Les oscillations ne neutrino ne sont possibles que si la masse est non nulle et cette propriété ne rentre pas dans le modèle standard si l’on se réfère aux notices disponibles. Un neutrino peut alors changer de famille. Un neutrino peut changer de saveur en oscillant, passer du type électronique au type muonique par exemple. Mais on ne peut pas mesurer la masse exacte des neutrinos avec les expériences réalisées. Seuls les écarts de masse sont accessibles à la mesure. Plus les recherches se précisent, plus le caractère vraiment étrange et énigmatique des neutrinos s’agrandit. A noter que le Nobel a récompensé un travail collectif mobilisant des centaines de physiciens, les lauréats n’étant autres que les directeurs de deux laboratoires où ont été réalisées ces expériences visant à mesurer ces insaisissables particules oscillantes qui sont matérielles mais se refusent à interagir avec « notre matière ».

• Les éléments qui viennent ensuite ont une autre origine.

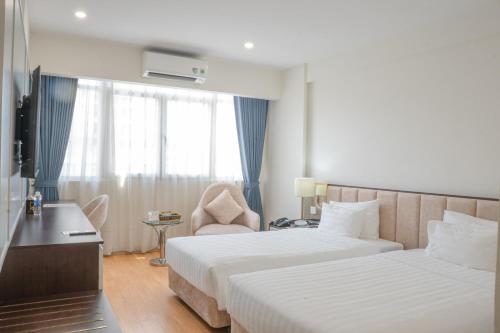 a hotel room with two beds and a window at Bao Son International Hotel in Hanoi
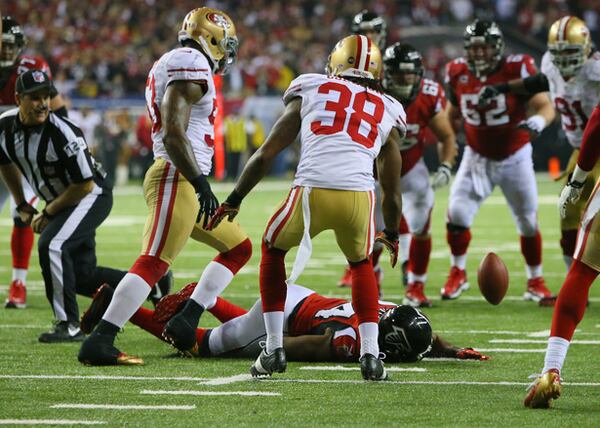 Falcons wide receiver Roddy White hits the turf after not being able to hold on to the pass on 4th and 4 in the final minutes, as the San Francisco 49ers held on to win the NFC Championship Game 28-24 at the Georgia Dome.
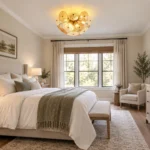 Glass disc chandelier with gold-tone frame installed in a bright neutral bedroom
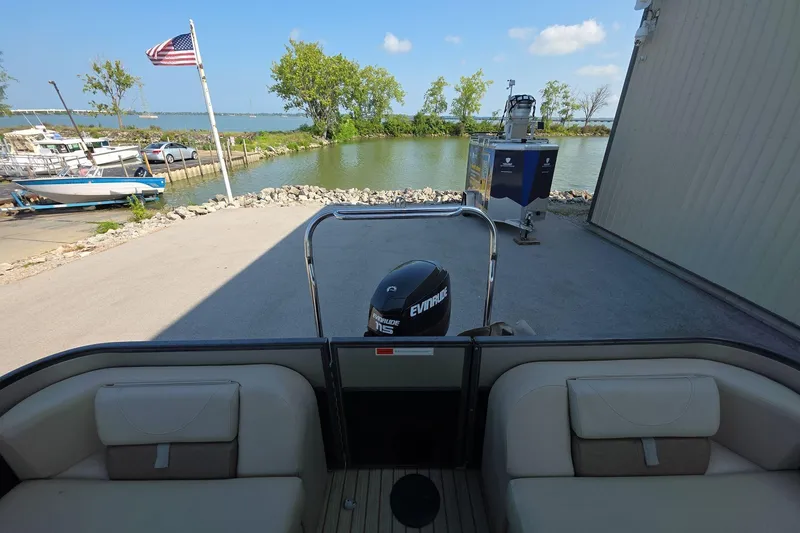 Slide: The Image of Pontoon boat docked near a lake with American flag and trees in the background. - 15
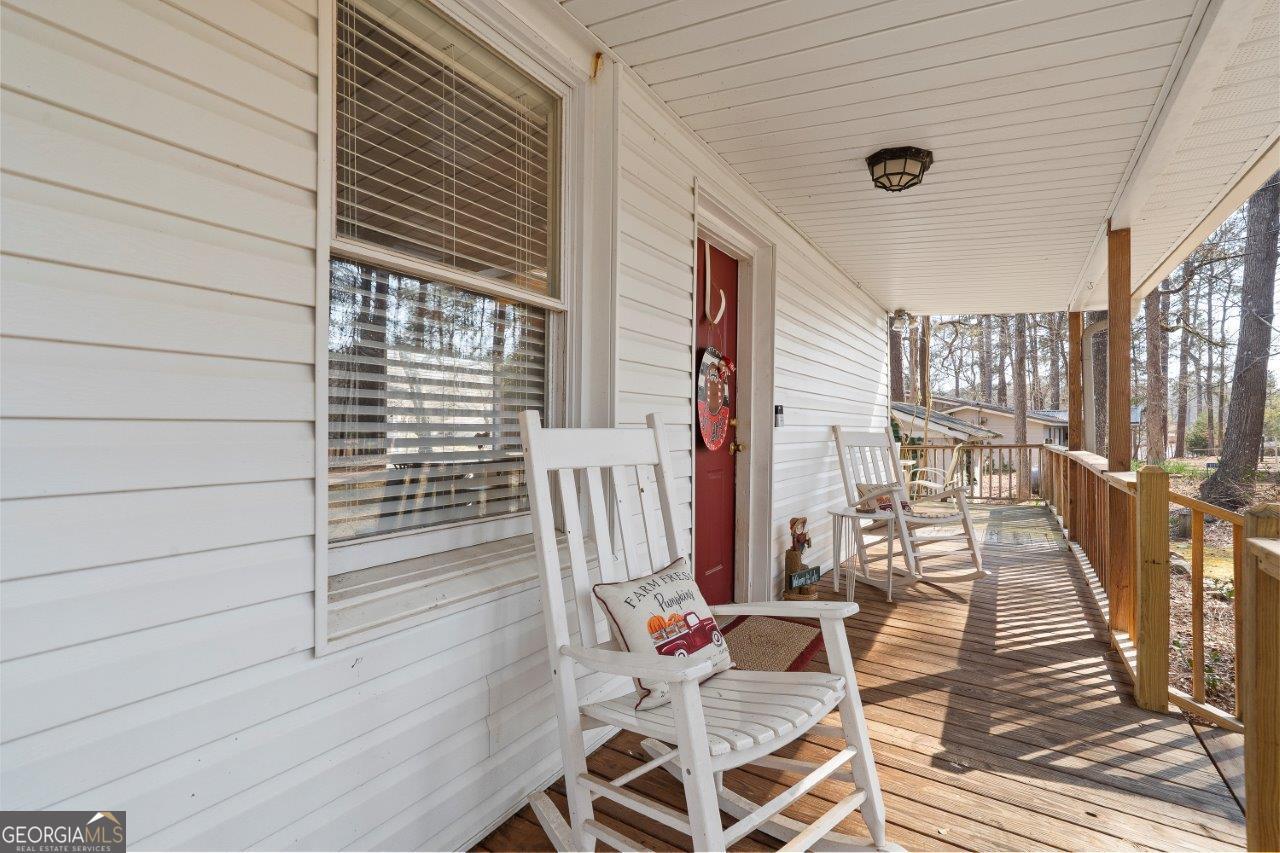 109 Horseshoe Bend Road Southwest Eatonton, GA 31024 - Photo 2 of 42 a view of balcony deck and patio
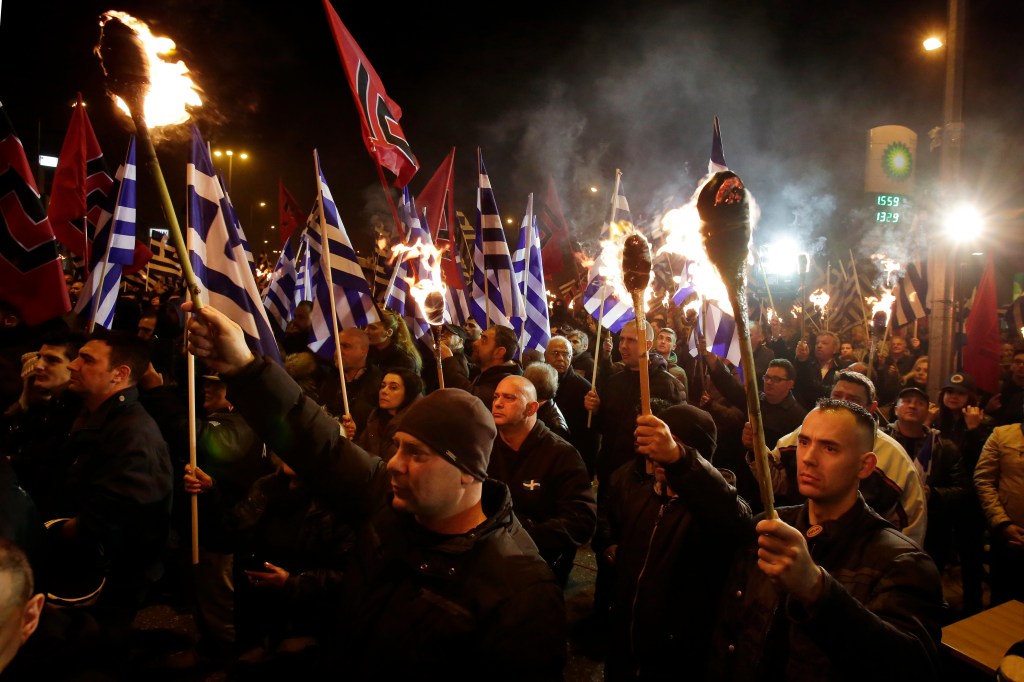 Supporters of Greece's far-right Golden Dawn party hold torches and wave national and party flags during a rally.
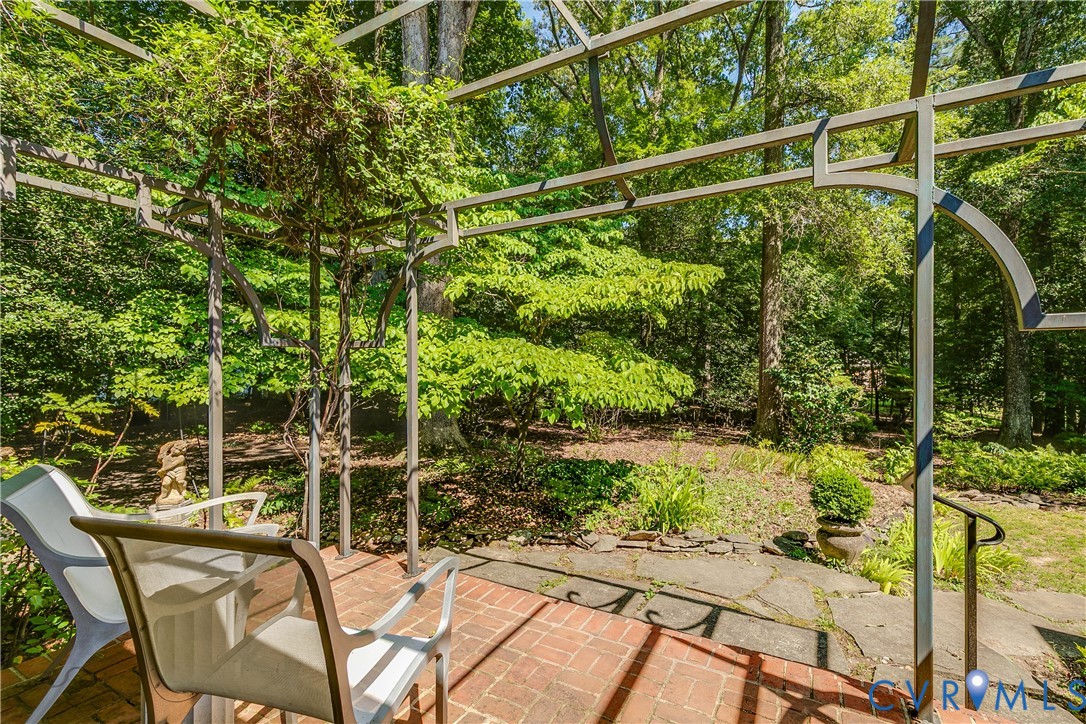 10475 Cherokee Road Richmond, VA 23235 - Photo 51 of 74 Brick patio with a metal pergola featuring climbin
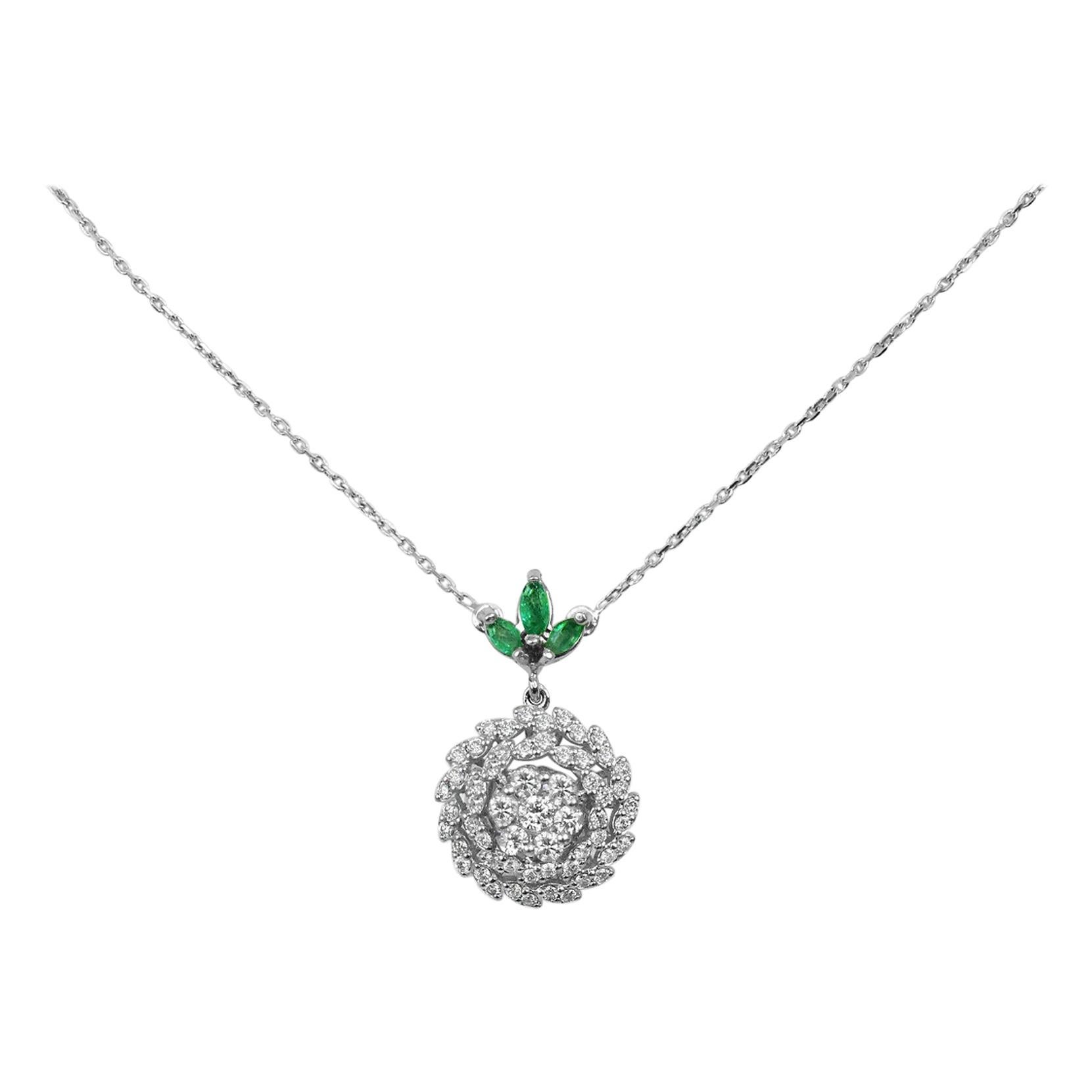 18Karat Gold Pendant Necklace White Gold Diamond Pave Emerald Marquise
        This 18K solid white Gold Emerald / Diamond pendant necklace. The fine Quality gold finishing with marquise shape Zambian emeralds & scintillating cluster pave set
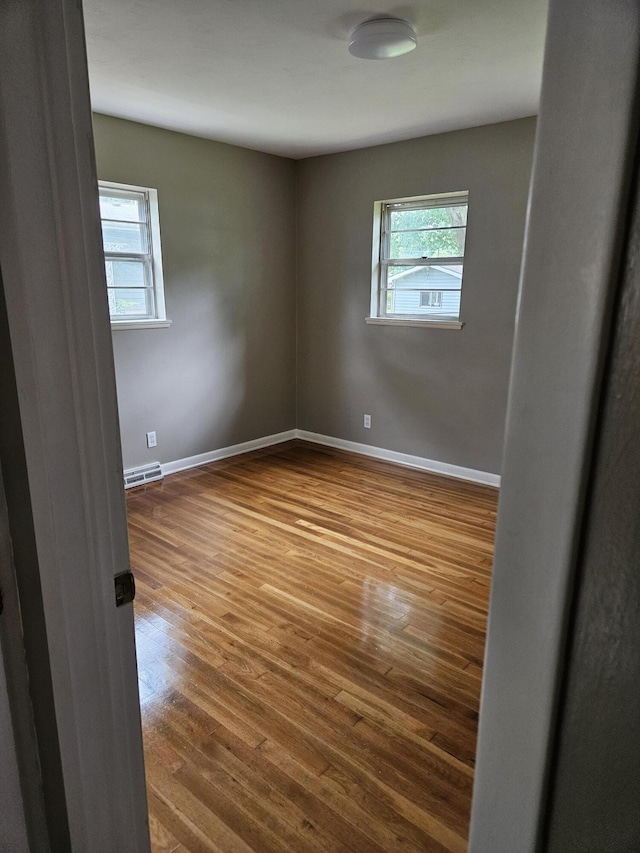 1955 S Fort Ave, Springfield, MO 65807 - empty room featuring plenty of natural light, wood finished floors, and a baseboard heating unit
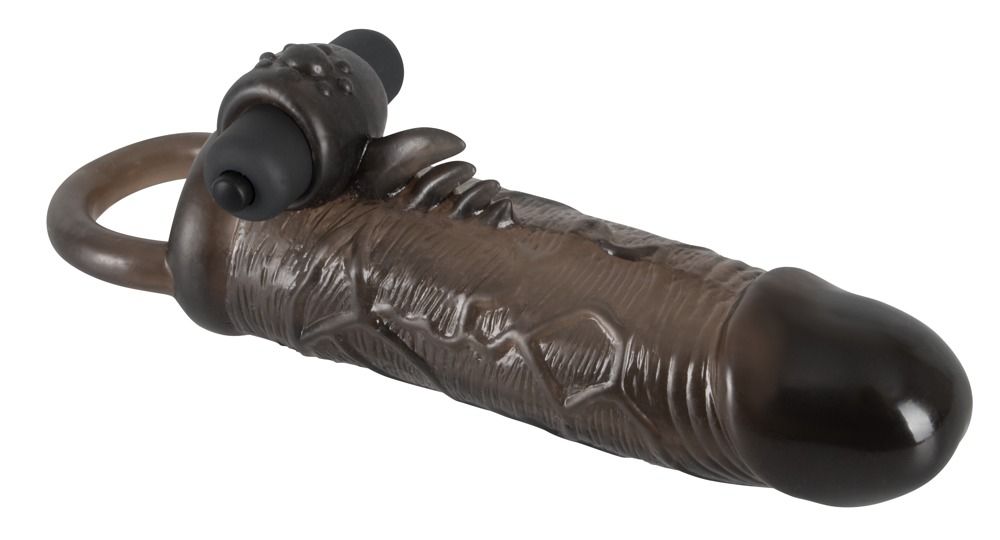 Schwarzes Verlängerungsstück mit Ring und Details. Oberteil mit Noppen und Aufsatz. Aus Silikon.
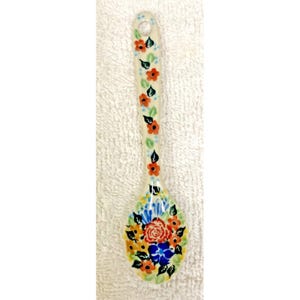 May include: A ceramic spoon featuring a cream-colored base with a hand-painted floral pattern. The handle displays small orange flowers and green leaves, while the bowl of the spoon showcases a larger cluster of red, blue, and orange flowers.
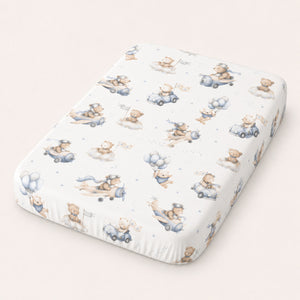 Close-up of blue teddy bear aviation fitted sheet with aeroplanes, cars, balloons and clouds for cot and cot bed mattresses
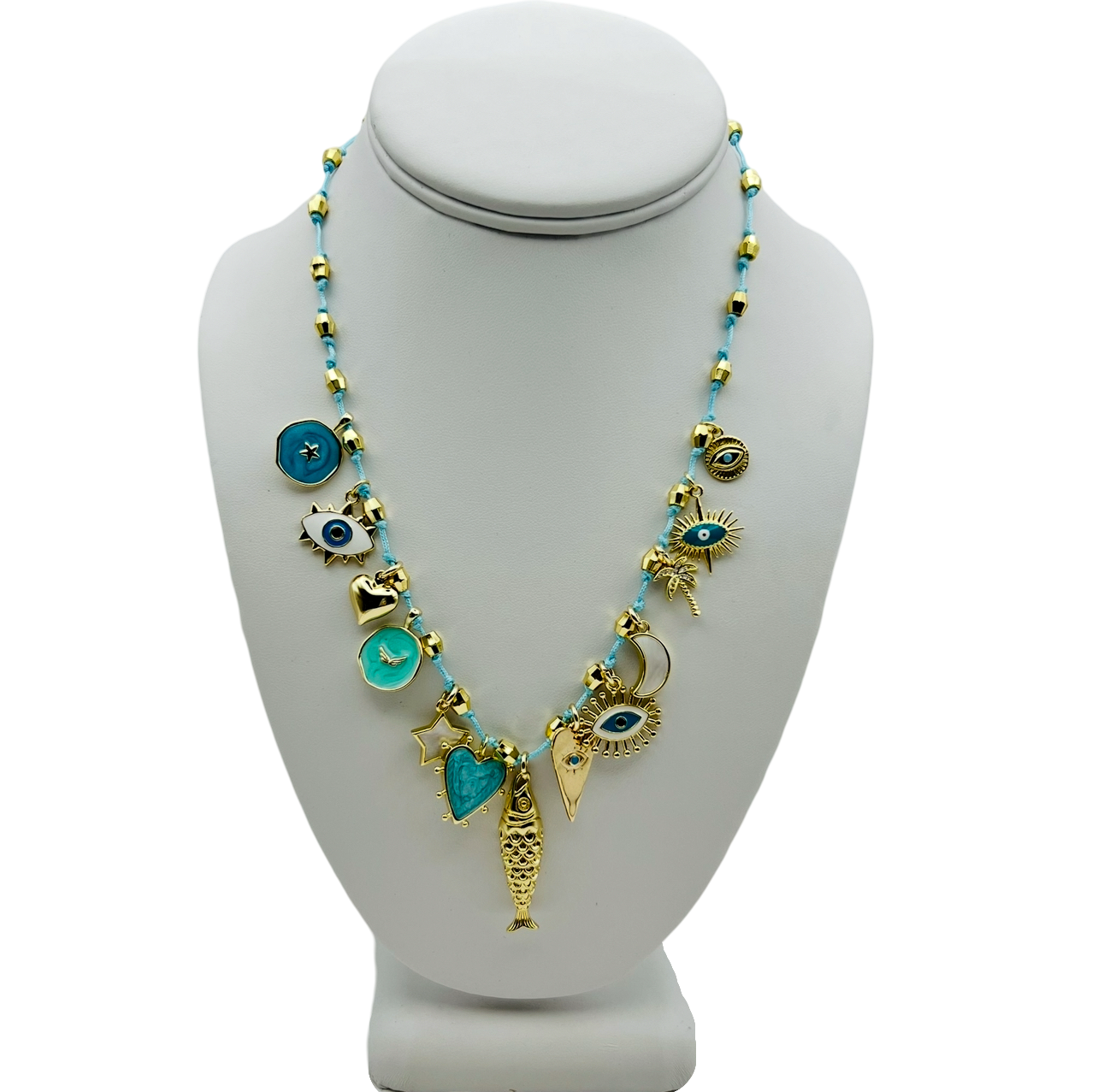 A vacation charm necklace featuring a light blue everyday necklace with gold-filled hardware and various charms, including a fish and a evil eye charms by HOLST+LEE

D’autres énigmes persistent. Par exemple le statut du neutrino qui avec sa neutralité devrait ne pas avoir d’antiparticule. Mais le neutrino est un fermion. En conséquence, il obéit soit à l’équation de Dirac, soit à l’équation de Majorana. Dans le premier cas, la particule et l’antiparticule sont distinctes et se comportent, conformément à la symétrie CPT, comme une image et sa réflexion dans un miroir avec inversion de spin, de charge et de temps. Toutes les particules pour lesquelles la question est tranchée sont des particules de Dirac. Mais pour le neutrino, le doute persiste car il pourrait très bien être une particule de Majorana et coïncider avec sa propre antiparticule.
Le neutrino est donc la grande énigme du 21ème siècle. Je donne rendez-vous dans dix ans. Le neutrino pourrait intervenir là où on ne l’attend pas, dans la nouvelle conception de la Gravité en tant que médiateur de l’information holographique qui ordonne la disposition des masses dans l’univers. Auquel cas le statut serait accessible et le neutrino serait une particule de Majorana. Je ne connais personne qui émis cette hypothèse à part votre serviteur (Bernard Dugué, La cosmonadologie quantique, dossier paru dans la revue Cerveau science conscience N° 10 d’avril 2015). Si cette hypothèse se confirme, alors il y aura une révolution sans précédent dans toute la physique et sans doute quelques Nobel à récupérer.